The pipeline, which needs approval from the Obama administration to be built, is an opportunity to strengthen our nation's economy and energy future. It can help the economy by providing new jobs - including thousands of new jobs to build and operate the pipeline and more than 100,000 new long-term U.S. jobs linked to increased oil sands development in Canada.

Once tied to the southern leg of the line, it can strengthen our energy future by delivering more domestic and Canadian crude oil to our nation's Gulf Coast refineries, which would reduce oil imports from less secure parts of the world. With the pipeline, crude oil imports from Canada could reach 4 million barrels a day by 2030 - or twice what we import from the Persian Gulf.

The project has been studied and debated for more than five years. The polls show the vast majority of the public believes it's a good idea. The states the pipeline would go through want it. Business leaders and labor unions support it. A bipartisan majority in Congress favors it. And five reviews by the U.S. Department of State conclude that the project would have a negligible impact to the environment and be built to be safer than any other to date.

Our nation once didn't hesitate to undertake ambitious projects like the multi-billion dollar, privately funded Keystone XL project. A great industrial nation makes big investments in infrastructure because a strong infrastructure is the basis for a strong economy. Roads, bridges, airports, ports and telecommunications lines and satellites, as well as other infrastructure Americans build and operate put people to work, promote trade and commerce, and provide essential services.

They help us generate the economic resources we need to fund education, law enforcement, the arts and the most capable military in the world.

Energy infrastructure matters because energy powers our factories, homes and schools and is the lifeblood of transportation. We need refineries, electric utilities, nuclear plants, solar and wind turbines to produce energy. We need other infrastructure to deliver it, including cost-efficient pipelines to move crude oil to our refineries - and gasoline, diesel, jet fuel and other oil products to consumers across America.

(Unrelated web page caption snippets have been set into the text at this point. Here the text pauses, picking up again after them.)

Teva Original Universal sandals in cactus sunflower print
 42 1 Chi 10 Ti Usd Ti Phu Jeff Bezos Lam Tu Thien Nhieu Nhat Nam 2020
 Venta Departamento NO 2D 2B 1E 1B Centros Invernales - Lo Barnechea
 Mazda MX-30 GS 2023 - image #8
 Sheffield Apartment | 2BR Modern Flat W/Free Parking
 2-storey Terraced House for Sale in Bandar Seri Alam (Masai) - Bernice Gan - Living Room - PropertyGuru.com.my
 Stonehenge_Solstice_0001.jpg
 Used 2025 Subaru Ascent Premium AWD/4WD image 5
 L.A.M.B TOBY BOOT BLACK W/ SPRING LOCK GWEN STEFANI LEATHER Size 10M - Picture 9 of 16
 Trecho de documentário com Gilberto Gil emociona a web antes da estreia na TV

But why invest in oil infrastructure at all? Why not just replace oil with alternatives? The fact is we need and will need both. We need the Keystone XL and other oil infrastructure because oil remains important. Along with natural gas, it supplies more than 60 percent of America's energy and is a catalyst for economic growth, supporting more than nine million jobs. Moreover, in 2040 the government says, oil and natural gas will still provide more than 60 percent of our energy. And that's true even with nearly 40 percent growth in renewables, in which the U.S. oil and natural gas industry is a major investor.

This energy reality - and the fact that we could be producing at home more of the oil and natural gas we'll be consuming rather than importing it - is why the industry continues to invest in new oil and natural gas development. The United States now produces more natural gas than any other country and within seven years could surpass Saudi Arabia in oil production, according to the International Energy Agency. In a world that still depends on oil and natural gas, this is a competitive and geopolitical advantage.

Since the first oil well was drilled in Pennsylvania in 1859, the United States has been a leader on energy. That leadership has helped keep our nation prosperous and strong. To remain a leader, we must continue to invest in oil and natural gas as well as other forms of energy and continue to invest in the infrastructure that supports that development.

The Keystone XL pipeline is needed. Build it and we put Americans to work and grow our economy. Build it and we strengthen the security of our energy supplies. Build it and we show ourselves and the world we still can undertake the big projects that are crucial to American success.

The industry is ready to start construction. All that's needed is for the administration to agree with the American people that this pipeline is right for the nation by giving it the go-ahead.

Jack Gerard is president and CEO of the American Petroleum Institute. Gen. Jim Jones is a former national security adviser.